Solo Dinyatakan Aman, Pertunjukan Seni Internasional Siap Digelar 3 Hari di Pamedan Mangkunegaran
Kegiatan tahunan ini juga sebagai bagian dari upaya pelestarian dan pengembangan seni pertunjukan di Indonesia.
Pertunjukan seni internasional SIPA (Solo International Performing Art) bakal kembali digelar tahun ini. Pertunjukan seni, seperti tari, musik, teater, dan lainnya, dari dalam negeri maupun luar negeri.
bakal berlangsung di Pamedan Mangkunegaran, 4–6 September 2025.
SIPA bertujuan untuk mempromosikan keragaman budaya Indonesia dan meningkatkan apresiasi masyarakat terhadap seni pertunjukan. Kegiatan tahunan ini juga sebagai bagian dari upaya pelestarian dan pengembangan seni pertunjukan di Indonesia.
"Tahun ini SIPA mengusung tema Nifty, Artful, dan Visionary. Pada event yang digelar untuk kali ke-17 ini, SIPA semakin menegaskan posisinya sebagai panggung internasional bagi seni pertunjukan lintas budaya," ujar Direktur SIPA, Irawati Kusumorasri.

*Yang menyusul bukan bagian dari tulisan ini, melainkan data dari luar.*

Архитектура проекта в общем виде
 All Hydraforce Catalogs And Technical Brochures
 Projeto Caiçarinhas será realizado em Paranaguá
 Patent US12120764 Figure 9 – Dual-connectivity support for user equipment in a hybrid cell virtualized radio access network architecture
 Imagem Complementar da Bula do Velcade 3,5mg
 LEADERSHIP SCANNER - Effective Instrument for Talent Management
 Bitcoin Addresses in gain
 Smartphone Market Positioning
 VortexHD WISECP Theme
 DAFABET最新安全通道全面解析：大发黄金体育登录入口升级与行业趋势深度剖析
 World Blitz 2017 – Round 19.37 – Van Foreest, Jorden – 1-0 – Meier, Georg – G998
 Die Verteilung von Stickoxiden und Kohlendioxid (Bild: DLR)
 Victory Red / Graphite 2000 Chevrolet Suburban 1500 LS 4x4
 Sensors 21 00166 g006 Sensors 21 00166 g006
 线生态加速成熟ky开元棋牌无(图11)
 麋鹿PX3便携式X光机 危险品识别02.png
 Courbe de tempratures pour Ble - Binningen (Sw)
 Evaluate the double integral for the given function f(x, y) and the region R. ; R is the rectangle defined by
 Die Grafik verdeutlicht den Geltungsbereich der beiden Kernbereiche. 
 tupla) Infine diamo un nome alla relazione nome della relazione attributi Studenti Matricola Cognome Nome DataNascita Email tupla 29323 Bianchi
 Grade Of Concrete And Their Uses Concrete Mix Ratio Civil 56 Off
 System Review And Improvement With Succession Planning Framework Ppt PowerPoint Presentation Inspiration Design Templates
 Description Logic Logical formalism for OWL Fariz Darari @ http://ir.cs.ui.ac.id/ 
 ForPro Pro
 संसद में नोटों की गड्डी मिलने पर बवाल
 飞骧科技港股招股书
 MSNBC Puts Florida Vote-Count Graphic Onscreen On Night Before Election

Ira melanjutkan, tema tersebut diharapkan bisa menjadi stimulan bagi generasi muda saat ini agar mau berkontribusi kepada negeri melalui karya-karya seni.
“SIPA digelar dengan semangat baru untuk mempertegas posisinya sebagai festival seni pertunjukan internasional dengan menghadirkan delegasi dari berbagai belahan dunia juga Nusantara,” ujar Irawati.
Pertunjukan seni 3 hari dimeriahkan oleh Colectivo Glovo asal Spanyol, Dongback Circus dan POD Dance Project asal Korea Selatan, Khambatta Dance Company asal Amerika Serikat, kolaborasi Singapura–Indonesia, PARRA.DICE asal Belanda, Sanggar Kirana asal Malaysia, hingga Seoul National University asal Korea Selatan.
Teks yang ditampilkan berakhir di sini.